What the city is NOT doing, that it could:

  • Accept responsibility for maintaining sidewalks, as an integral part of the transportation network. The city continues to shirk its responsibility, spending funds on motor vehicle infrastructure instead of maintaining walker infrastructure.
  • Installing leading pedestrian intervals (LPIs) at every traffic signal in the city. The same eleven have been in place for years; none have been added. The recent legislation, AB 2264, only applies to state highways; it is up to cities and counties to implement on other roadways.
  • Daylighting intersections. This means removing parking from within 15-20 feet of the crosswalk or stop bar, either by painting and enforcing red curbs, or building curb extensions (bulb-outs) at every intersection. Upstream, approaching the intersection, is the big safety feature, downstream, leaving the intersection is much less important. There are interim solutions here, such as painting curb extensions and using soft-hit posts (vertical delineators).
  • Implementing construction zone requirements that accommodate walkers and bicyclists. The current city policy is to provide safe bypasses only if it does not in any way inconvenience drivers. The public has asked that a policy be developed along the lines of the Oakland construction policy, but the city has stonewalled against that.
  • Making transportation improvements that benefit walkers and bicyclists, except with county, state or federal grants. The city simply will not spend any of its general funds on improving transportation safety.
  • Waiting until a roadway is completely repaved to reallocate roadway width to bicycle lanes or separated bikeways, or transit. Compounding this issue is that the city doesn’t share with the public the repaving projects that it intends to do, so the public has no chance to comment beforehand.
  • Lowering speed limits citywide. While it is true that spot reductions have little effect on travel speeds, there are a growing number of cities that have lowered speed limits citywide, with a significant reduction in speed.
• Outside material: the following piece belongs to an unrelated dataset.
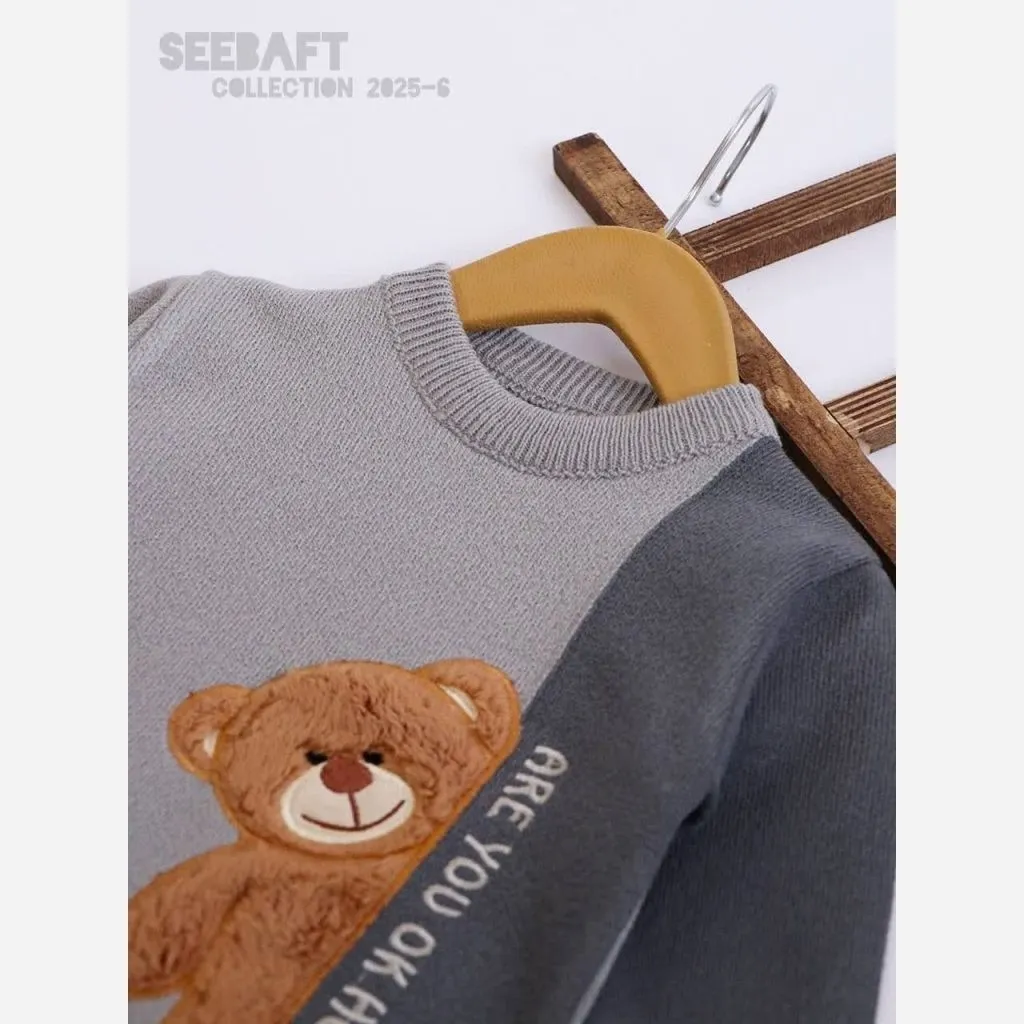 بلوز بافت گپ بچگانه طرح خرس هانی مناسب 2 تا 6 سال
  • Enforce traffic laws. The Sacramento Police Department has essentially stopped enforcing laws related to the safety of walkers and bicyclists. This of course is also true in many other places. Police don’t see traffic safety as an issue worthy of concern. Of course so much of law enforcement is used as pretext to oppress, and I’m not in favor of any of that, but if the police won’t even enforce failure to yield to people in the crosswalk, what use are they? We would all be much safer if traffic law enforcement were removed from the police, largely automated, and the money saved diverted to real community needs. Yes, defund the police.
  • Painting marked crosswalks at every intersection. Yes, I know that unmarked crosswalks are legal crossings, but most drivers either don’t know or don’t care, so marking crosswalks is critical.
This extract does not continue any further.